The events order looks like Man-Thing originated in the B/W mag in May '71, Night Gallery happens in November, then Man-Thing doesn't re-publish until '72.
My bet would be Night Gallery artists read Savage Tales 1, then when Tales was cancelled M-T disappeared for months as "Brenda" was sent into pre-production, so they did a homage to Morrow's design.
The Heap from the Golden Age had a similar nose design...
and Skywald had revived the Heap in 1971 as well. House of Secrets featuring the debut of the proto-Swamp Thing character by Wein and Wrightson also debuted in early 1971.
There's a lot of cross-pollination or parallel development going on. It is hard to trace who did what when and publication/release dates don't really help as a lot of the stuff was in the works for a while before it got released.

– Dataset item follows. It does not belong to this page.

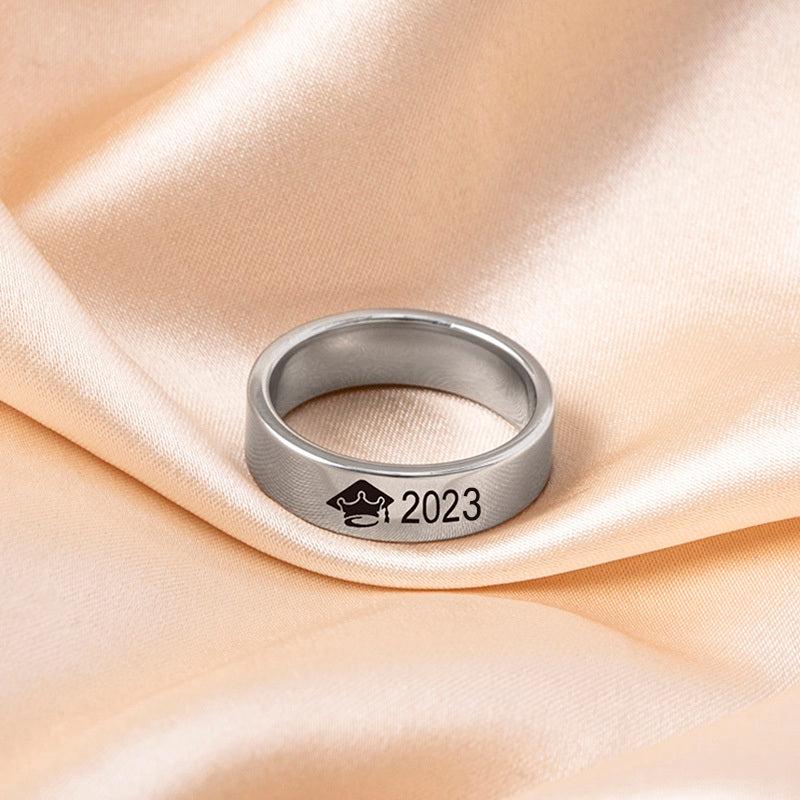 Graduation Cap Ring Stainless Steel Eco Friendly Trendy Gift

Considering the lead time filming of TV episodes require, and the lead time design/sfx teams need ahead of filming even on shoestring tv budgets, it's like the pre-production on that episode occurred before Savage Tale s(which has very poor distribution btw) was released.
It's more likely they were all familiar with the Heap and were riffing off of that design as that is the only clear design that predates all the 70-71 work and would have been out there when those artists/creators were in their formative years being influenced by stuff they read.
-M
"Opinion is the lowest form of human knowledge. It requires no accountability, no understanding." -Plato
that's a great episode, very creepy weird.
from a story written by margaret st clair, I went and bought a book of her short stories after watching that one.
it's a shame serling couldn't do the show the way he wanted.
that's a great episode, very creepy weird.
from a story written by margaret st clair, I went and bought a book of her short stories after watching that one.
it's a shame serling couldn't do the show the way he wanted.